G mim mesmo

GURDJIEFF TERMOS — CONCEITO DE «MIM MESMO»

Segundo Richard Defouw, em RBN III-48, G apresenta um modelo do ser humano em termos de um coche (alegoria antiga já no Katha Upanixade e em Platão). Neste modelo, o coche, enquanto veículo, corresponde ao corpo da pessoa, o cavalo atado ao coche corresponde ao sentimento da pessoa, e o cocheiro dirigindo o cavalo e assim o coche também, corresponde à mentação da pessoa. Cada uma destas três partes corresponde à um «centro» ou «cérebro»: o corpo é considerado não enquanto matéria que se dissolve quando morremos, mas enquanto seu «centro instintivo-motor-sexual», os sentimentos são da província de um centro próprio deles, o «centro emocional», e a mentação é efetuada no centro pensante, «centro intelectual». Assim cada pessoa tem três centros, e é o que B em RBN chama «ente tricerebral». Nos FRAGMENTOS há uma descrição mais detalhada, onde os cérebros de uma pessoa são identificados como compondo uma estrutura total de sete centros: centro intelectual, centro emocional, centro motor, centro instintivo, centro sexual, centro emocional superior e centro intelectual superior.

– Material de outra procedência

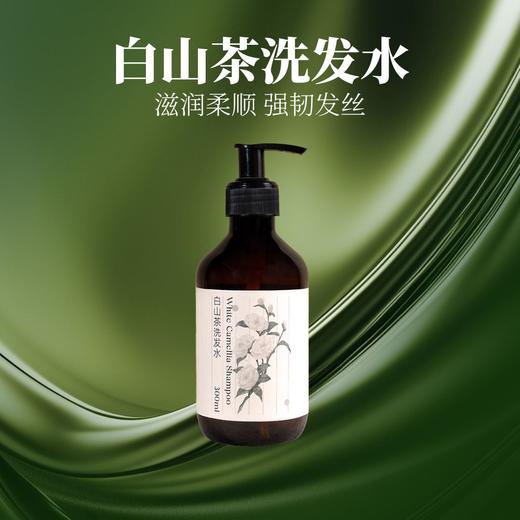 白山茶洗发水 滋养头皮 300ml/瓶 商品图0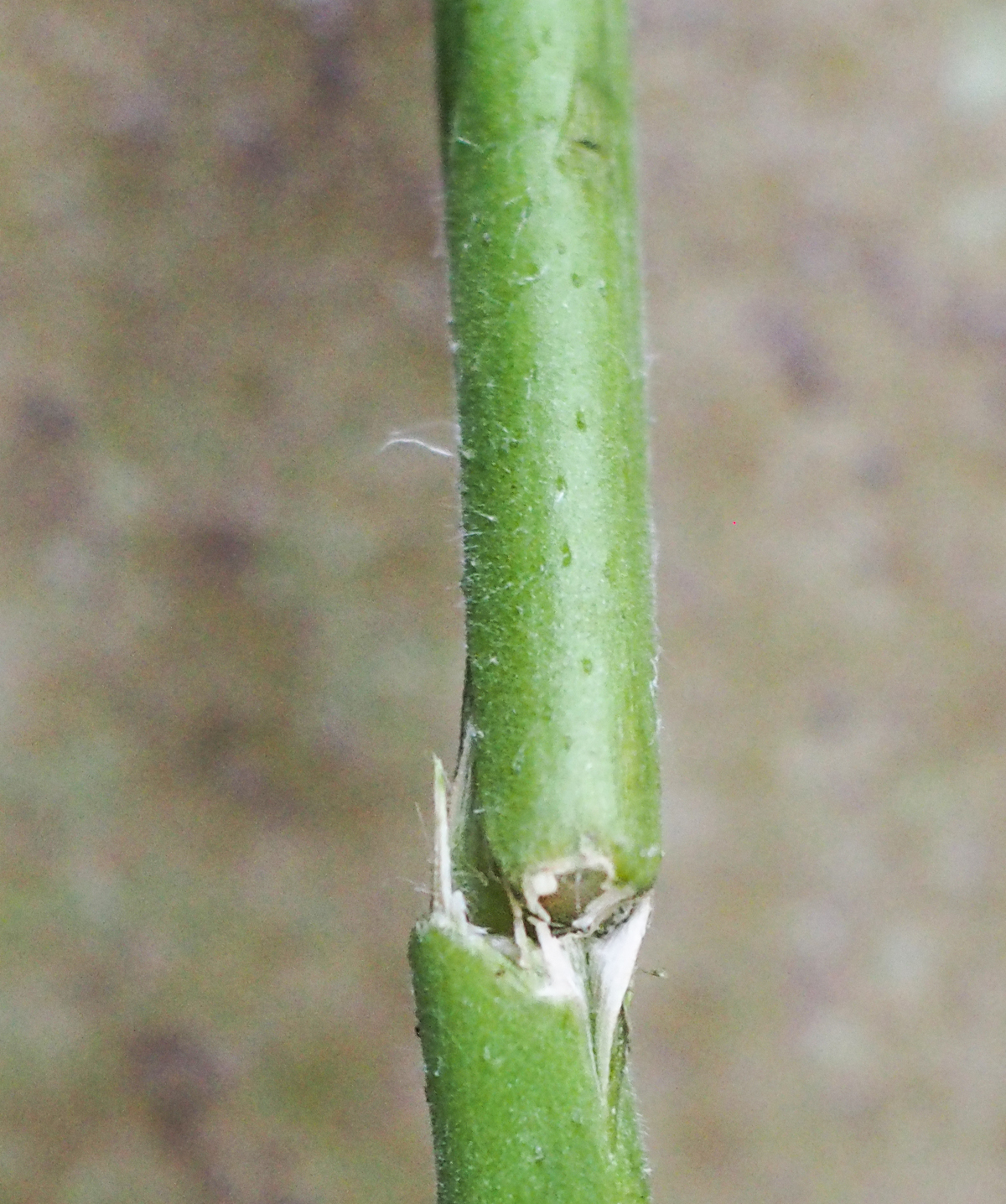 Abgebrochene Tomate Haupttrieb.jpg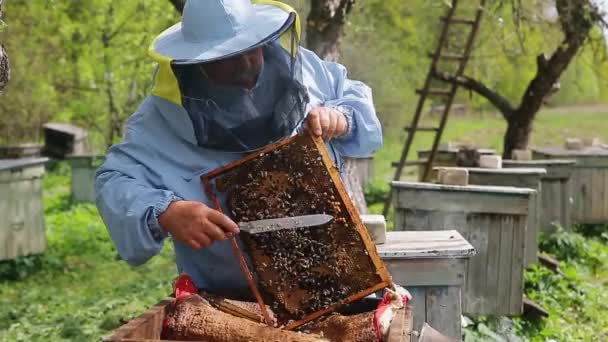 Pszczelarz trzyma miodową ramę z pszczołami w rękach i tnie złe czerwie pszczół. Pszczelarz w pracy, usuwanie nadmiaru plastrów miodu — Wideo stockowe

G tem muito a dizer através dessa alegoria do «ente-coche» no capítulo RBN III-48, fixando sua descrição no corpo planetário e nas inadequadas relações entre os três centros que o constituem. Porém o núcleo de sua apreciação crítica do ente humano é com aquele que o coche transporta, aquele que está em sua cabine, determinando destino e direção a todo conjunto através do cocheiro. Assim G considera o ser humano como «real» ou «entre aspas», de acordo com a natureza «daquele» na cabine:

No primeiro caso, aquele do homem real, o passageiro é o proprietário do coche, e no segundo caso, ele é simplesmente o primeiro ocasional transeunte que, como o na fretagem de «taxis», está continuamente sendo trocado. (RBN III-48)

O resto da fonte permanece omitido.